→ **WHAT YOU WILL DO**: Quote the whole listing exactly. Leave the pictures out of your copy.

→ **MATERIAL PROVIDED**:
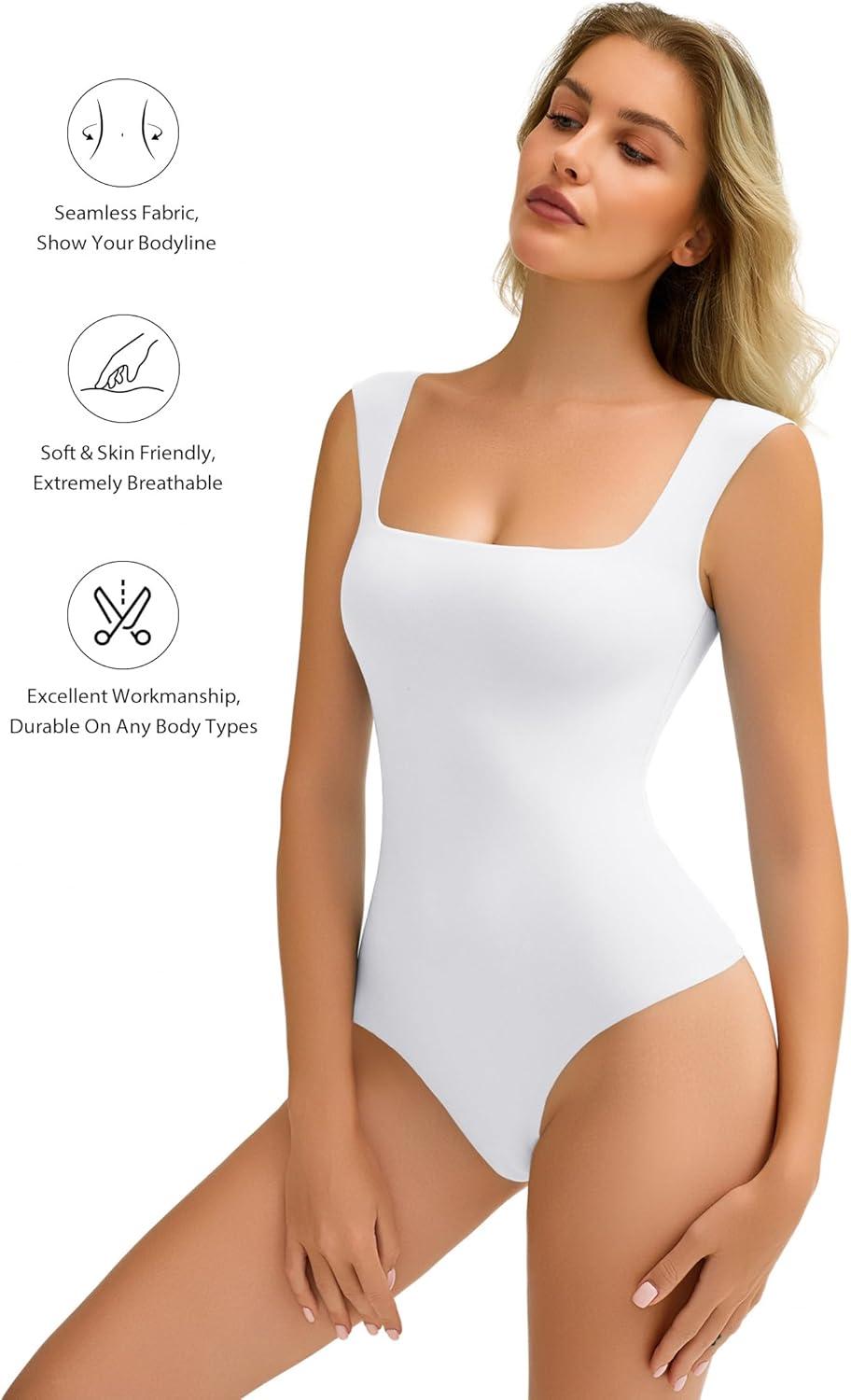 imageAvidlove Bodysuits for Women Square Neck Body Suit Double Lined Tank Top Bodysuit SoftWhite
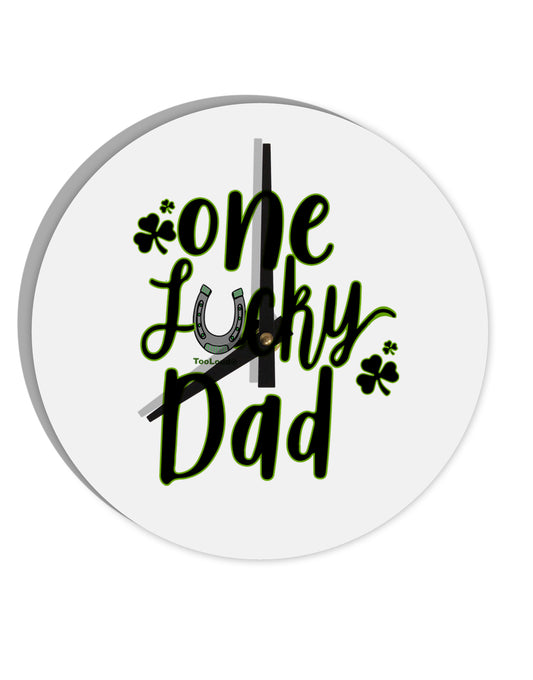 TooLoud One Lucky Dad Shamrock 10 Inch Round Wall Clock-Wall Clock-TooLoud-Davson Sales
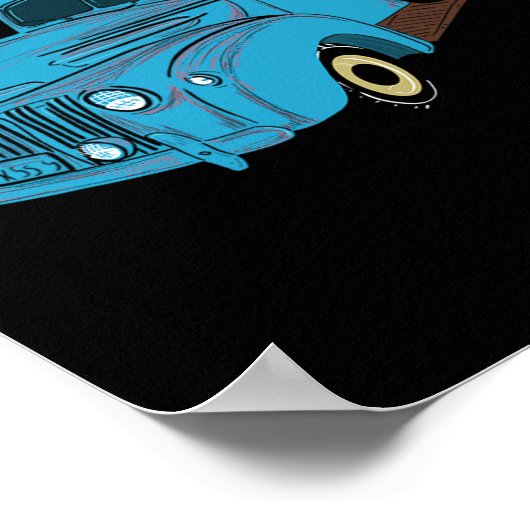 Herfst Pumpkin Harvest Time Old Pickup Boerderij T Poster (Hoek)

→ **TASK OUTPUT**:
 imageAvidlove Bodysuits for Women Square Neck Body Suit Double Lined Tank Top Bodysuit SoftWhite
 TooLoud One Lucky Dad Shamrock 10 Inch Round Wall Clock-Wall Clock-TooLoud-Davson Sales
 Herfst Pumpkin Harvest Time Old Pickup Boerderij T Poster (Hoek)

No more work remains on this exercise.